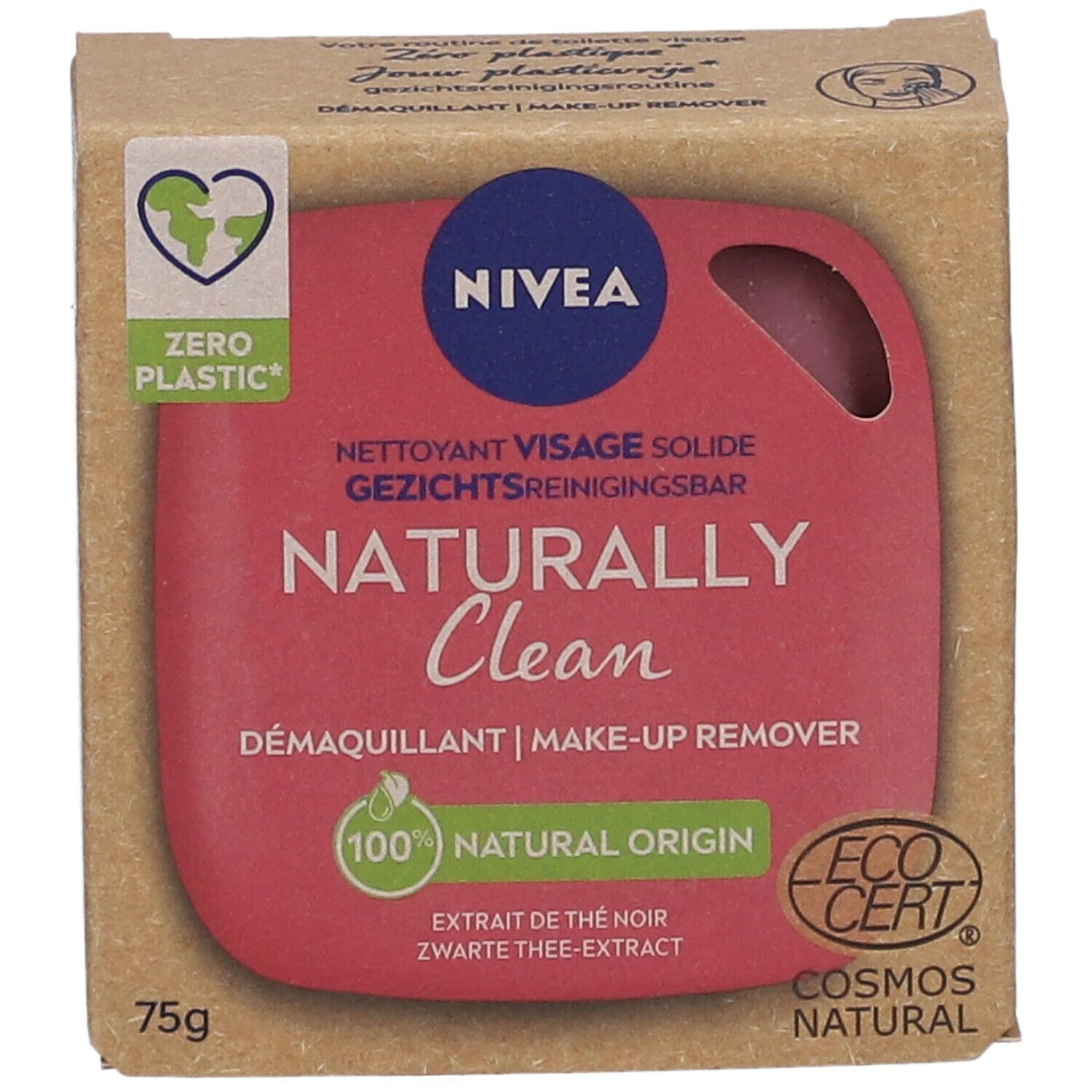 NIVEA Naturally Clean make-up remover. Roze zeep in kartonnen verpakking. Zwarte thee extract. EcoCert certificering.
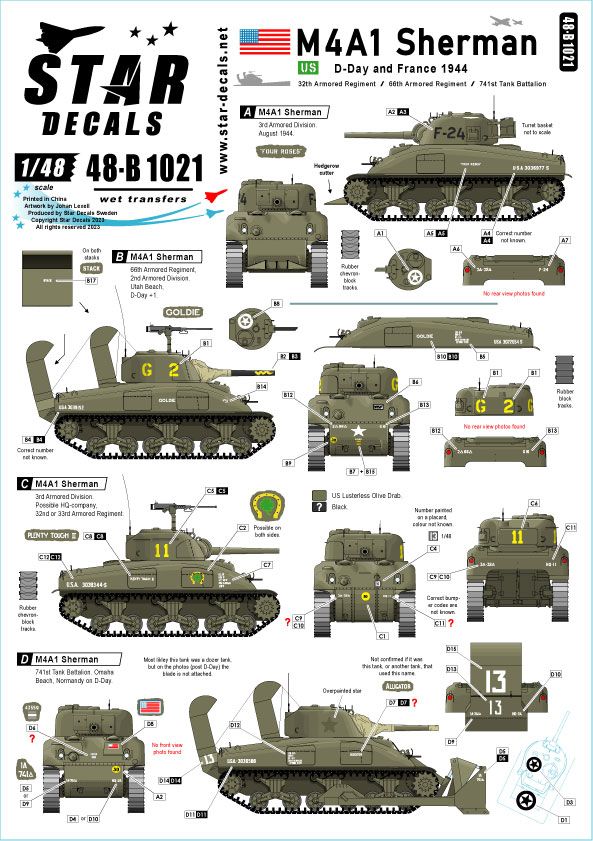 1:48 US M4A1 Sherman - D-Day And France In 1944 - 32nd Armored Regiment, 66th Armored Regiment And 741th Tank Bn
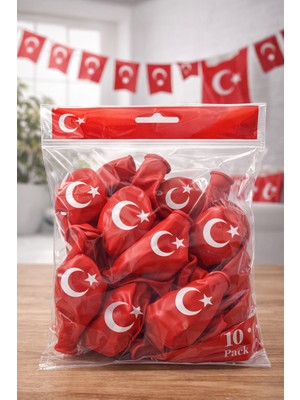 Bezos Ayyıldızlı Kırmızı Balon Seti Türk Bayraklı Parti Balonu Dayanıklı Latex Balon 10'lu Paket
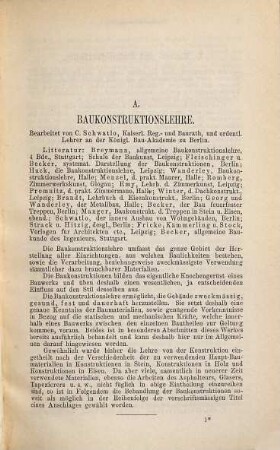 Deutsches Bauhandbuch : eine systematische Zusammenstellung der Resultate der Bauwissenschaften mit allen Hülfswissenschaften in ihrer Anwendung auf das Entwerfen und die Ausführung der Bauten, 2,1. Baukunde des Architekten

...

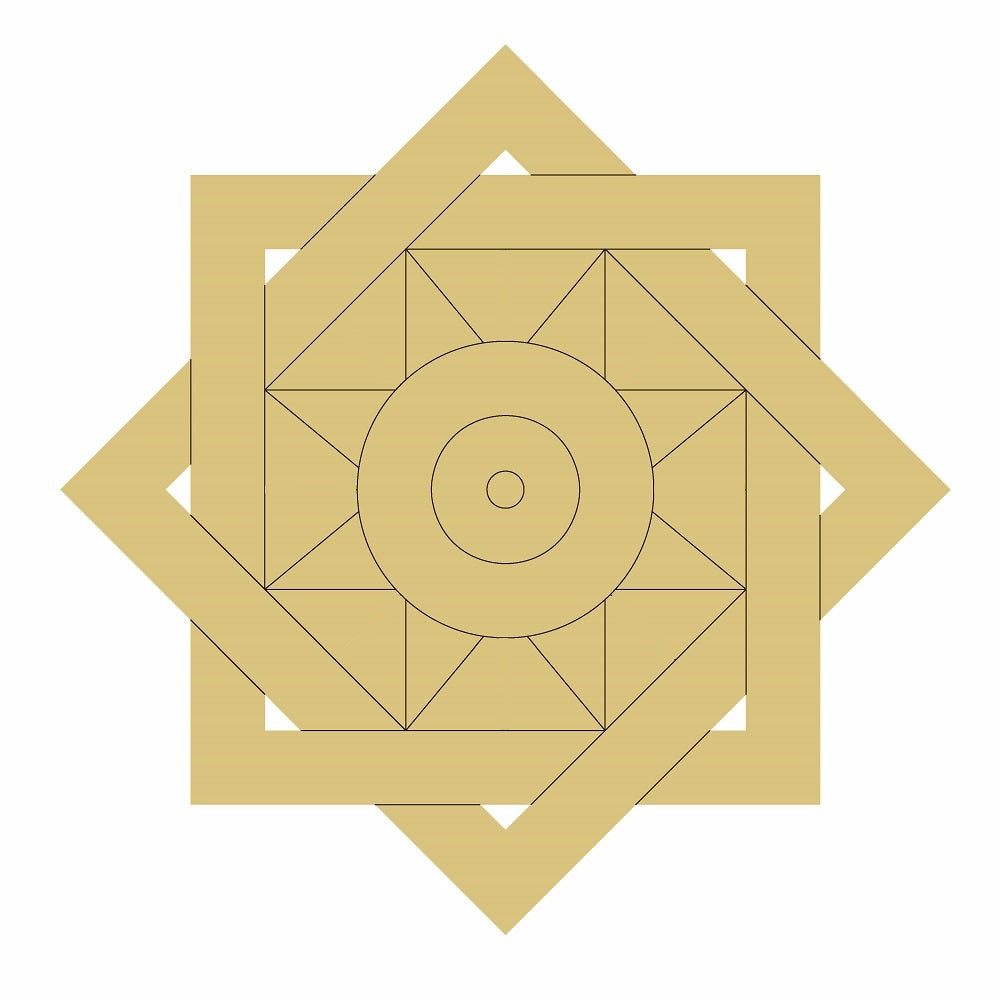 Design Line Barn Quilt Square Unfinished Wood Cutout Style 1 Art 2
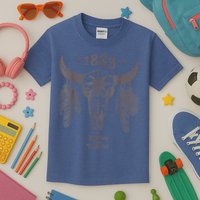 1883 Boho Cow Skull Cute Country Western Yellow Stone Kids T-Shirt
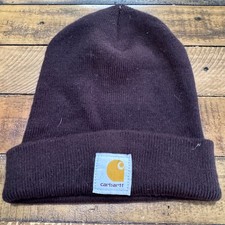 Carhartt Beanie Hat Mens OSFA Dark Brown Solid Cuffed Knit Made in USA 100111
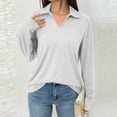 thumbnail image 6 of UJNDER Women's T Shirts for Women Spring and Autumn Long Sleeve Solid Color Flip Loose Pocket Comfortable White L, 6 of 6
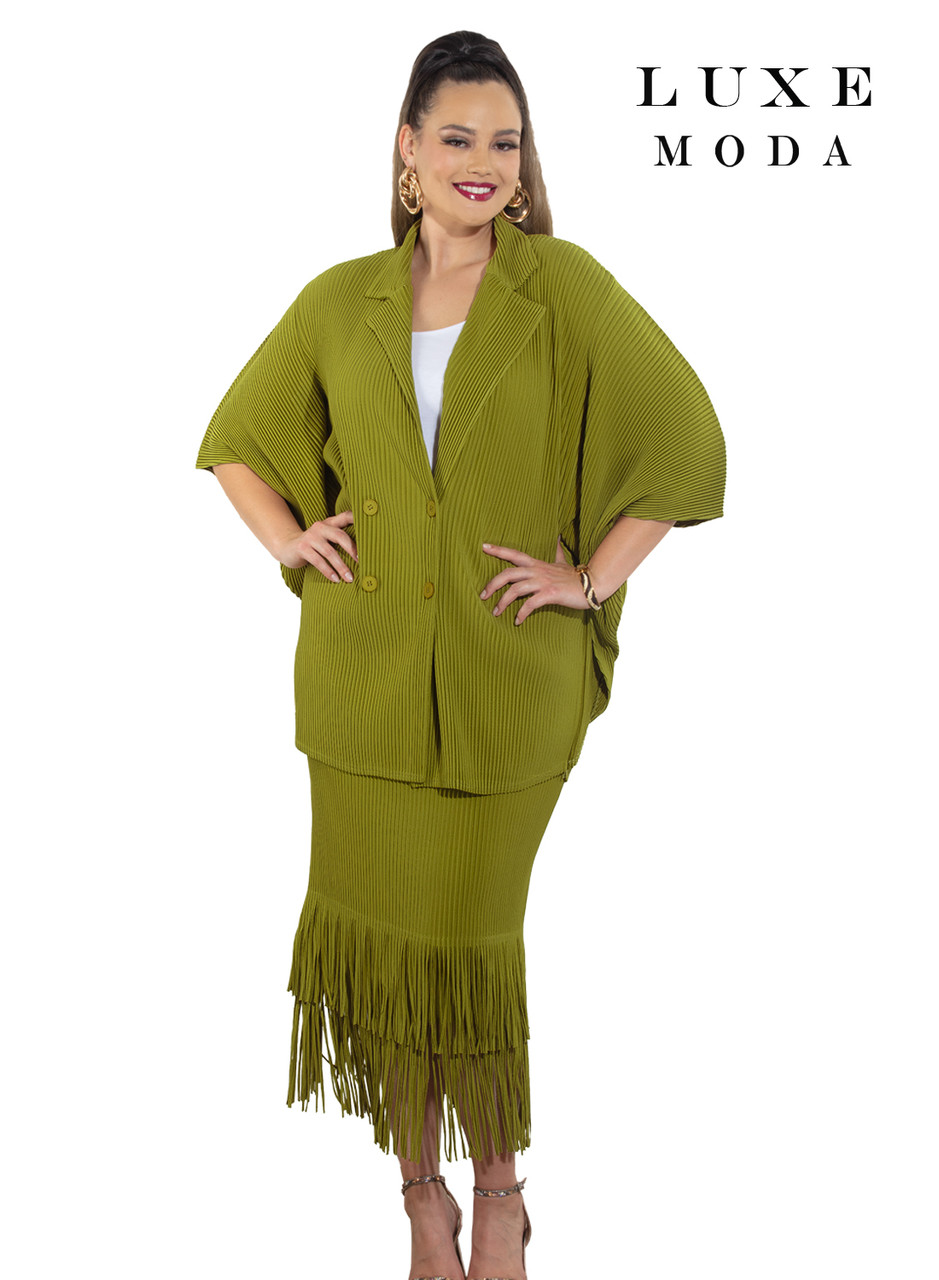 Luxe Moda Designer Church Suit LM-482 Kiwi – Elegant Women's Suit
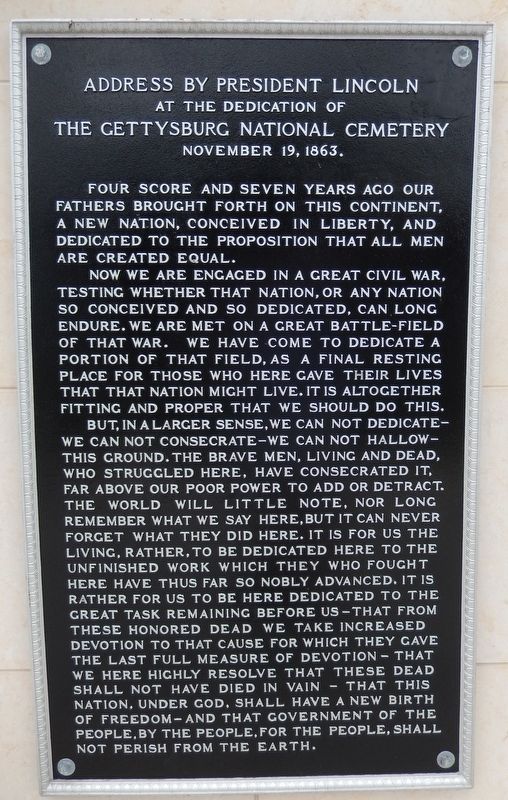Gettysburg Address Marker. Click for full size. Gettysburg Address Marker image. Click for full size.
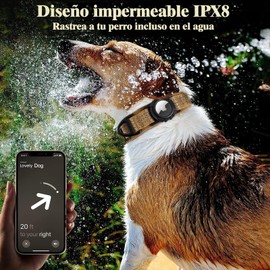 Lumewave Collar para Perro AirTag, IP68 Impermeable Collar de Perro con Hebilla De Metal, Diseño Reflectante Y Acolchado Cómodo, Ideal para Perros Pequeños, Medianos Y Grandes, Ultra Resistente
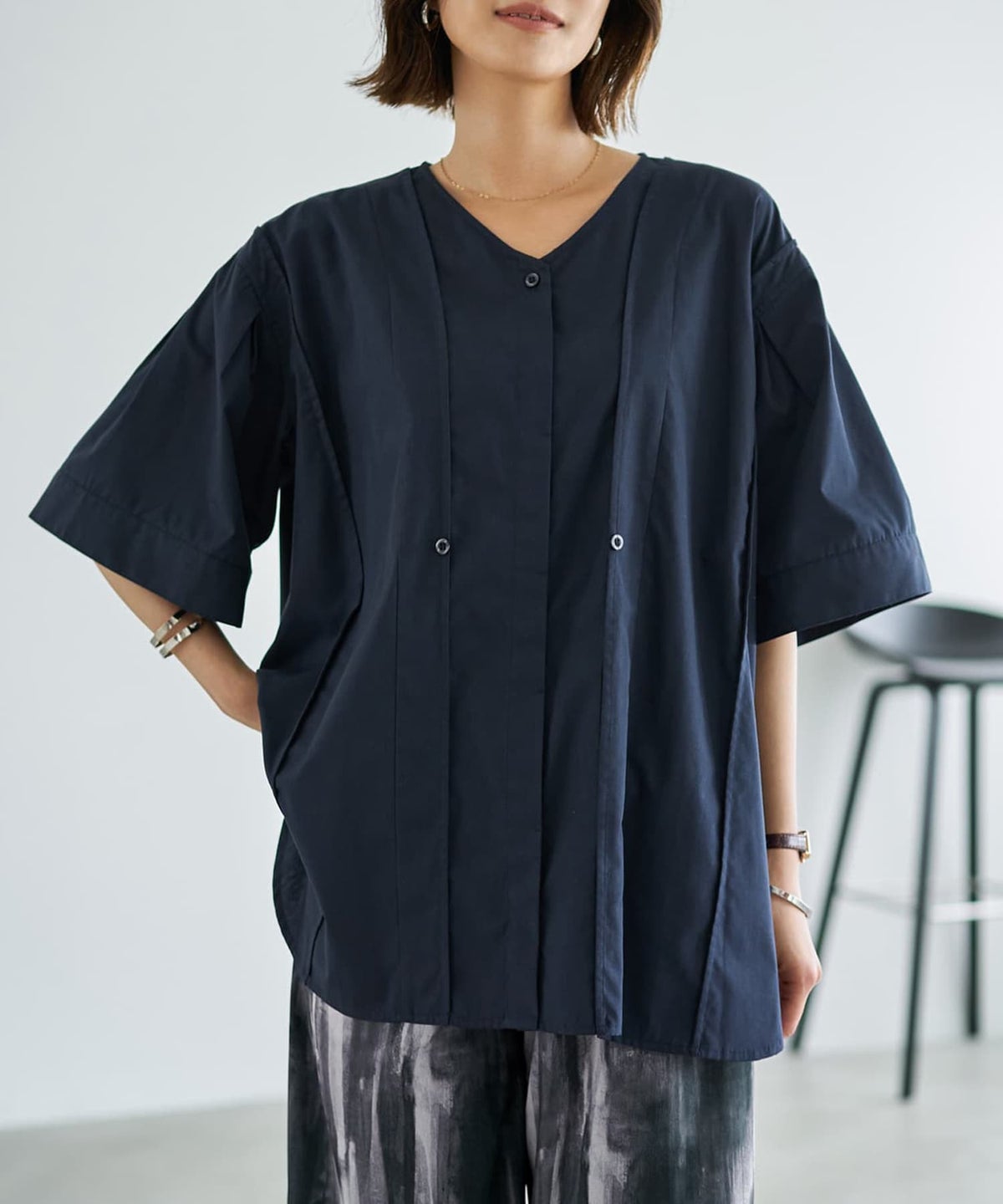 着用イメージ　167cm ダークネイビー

## YOUR ASSIGNMENT
Leaving pictures out, output the lines of the data above from the one with "NIVEA Naturally Clean" through the one with "Deutsches Bauhandbuch : eine", word for word.

## ANSWER TO THIS PROBLEM
 NIVEA Naturally Clean make-up remover. Roze zeep in kartonnen verpakking. Zwarte thee extract. EcoCert certificering.
 1:48 US M4A1 Sherman - D-Day And France In 1944 - 32nd Armored Regiment, 66th Armored Regiment And 741th Tank Bn
 Bezos Ayyıldızlı Kırmızı Balon Seti Türk Bayraklı Parti Balonu Dayanıklı Latex Balon 10'lu Paket
 Deutsches Bauhandbuch : eine systematische Zusammenstellung der Resultate der Bauwissenschaften mit allen Hülfswissenschaften in ihrer Anwendung auf das Entwerfen und die Ausführung der Bauten, 2,1. Baukunde des Architekten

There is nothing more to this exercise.